Bizimle iletişim kur

Köşe Yazıları

Kuru Otlar Üstüne Film Yorumları | Kimler İzlemeli

Yayınlandı

on

Radio Mood App

Nuri Bilge Ceylan’ın ödüllü yeni filmi Kuru Otlar Üstüne’yi vizyondan dört gün önce izledim. Film 3 saat 17 dakikalık uzun süresi ile “acaba izlerken sıkılırım ve bu uzun süre bir handikap yaratır mı?” diye tereddütle girdiğim bir filmdi. Ancak benim açımdan film sıkılmadan izlediğim ve yine kendi içinde merakımı diri tutan bir akışa sahip şekilde baştan sona ilerleyerek tereddütlerimi boşa çıkardı.

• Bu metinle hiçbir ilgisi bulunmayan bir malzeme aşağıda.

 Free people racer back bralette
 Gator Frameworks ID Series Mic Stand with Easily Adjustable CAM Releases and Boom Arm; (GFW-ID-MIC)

Dilerseniz Kuru Otlar Üstüne Film Yorumunu Podcast Olarak Dinleyin

Not: Ben ve diğer katılımcılar filmi vizyondaki gibi 15 dakika ara verilerek değil 3 saat 17 dakika boyunca hiç ara verilmeden izliyoruz. Bu detayı göz önünde bulundurarak yazıyı okumanız faydalı olacaktır.

Cannes Film Festivalinde ülkemize Merve Dizdar’ın performansıyla ilk kez oyuncu kategorisinde büyük ödülü kazandıran film olması da önemliydi.

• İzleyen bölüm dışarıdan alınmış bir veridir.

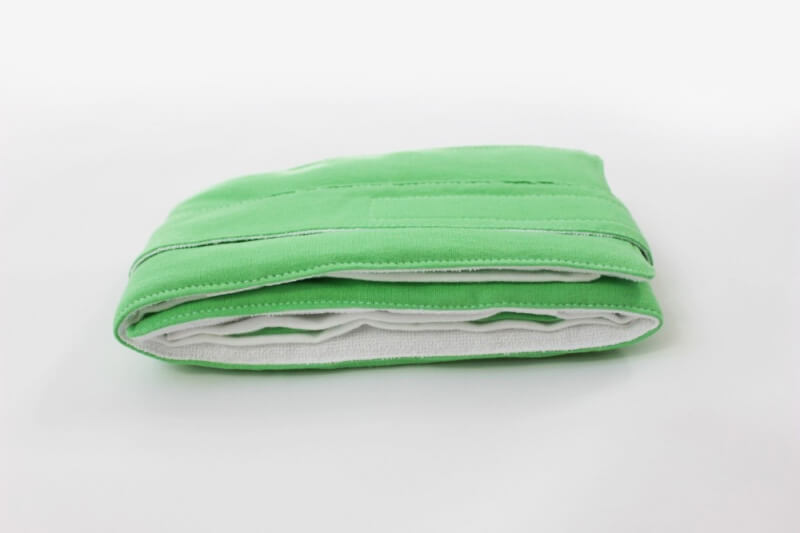 Zábalový pás pre dospelých 35-60 cm (vhodný na Priessnitzov zábal) zelený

Şimdi gelin isterseniz filmin artılarını ve eksilerlerine bakalım 

Kuru Otlar Üstüne Filmi Neden İzlenir ?

Nuri Bilge Ceylan yine önemli bir işe imza atmış tabii ki oyuncuları ile birlikte özel bir performans ortaya koymuşlar tek plan sahnelerde oyuncuların karşılıklı diyalogları ve o diyaloglarla birlikte konuşmanın akışına göre değişen ruh hallerini uzun dakikalar boyunca kesintisiz olarak izliyoruz. Bunlar tam bir sinema şöleni yaşatan sahneler ve uzun süresine rağmen film kendisini izletmeyi başarıyor.

Reklam

Kurgusu hızlı ve diyalogların bol olduğu bir Nuri Bilge Ceylan filmi.

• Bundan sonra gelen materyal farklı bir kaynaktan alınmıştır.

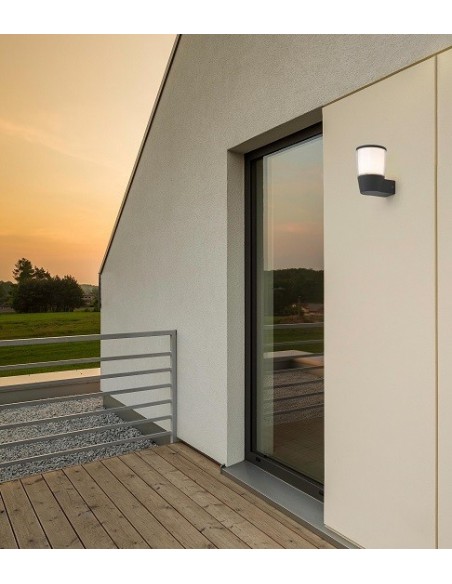 Luz para Fachada Gris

Başroldeki Deniz Celiloğlu‘nun tutarsız, biraz boş ve manipülatif tavırları olan Samet öğretmen karakterindeki performansı da bence ödülü hak edecek düzeyde özel bir performans olmuş. Özellikle Cannes Film Festivalinden elinin boş dönmesini rakiplerinin çok güçlü olmasına mı yoksa Samet öğretmenin lokal bir karakter olup bu yüzünden jürinin oradaki performansı tam olarak anlayamamış olmasına mı bağlamak gerekir bilemedim. İzlediğinizde göreceksiniz ki tipik yurdum insanı diyeceğiniz hatta kimi zaman sizi sinir eden işler yapan Samet Öğretmen performansı bir ödülü hak ediyordu. Keza Musab Ekici’nin Kenan Öğretmeni de alkışı hak ediyor.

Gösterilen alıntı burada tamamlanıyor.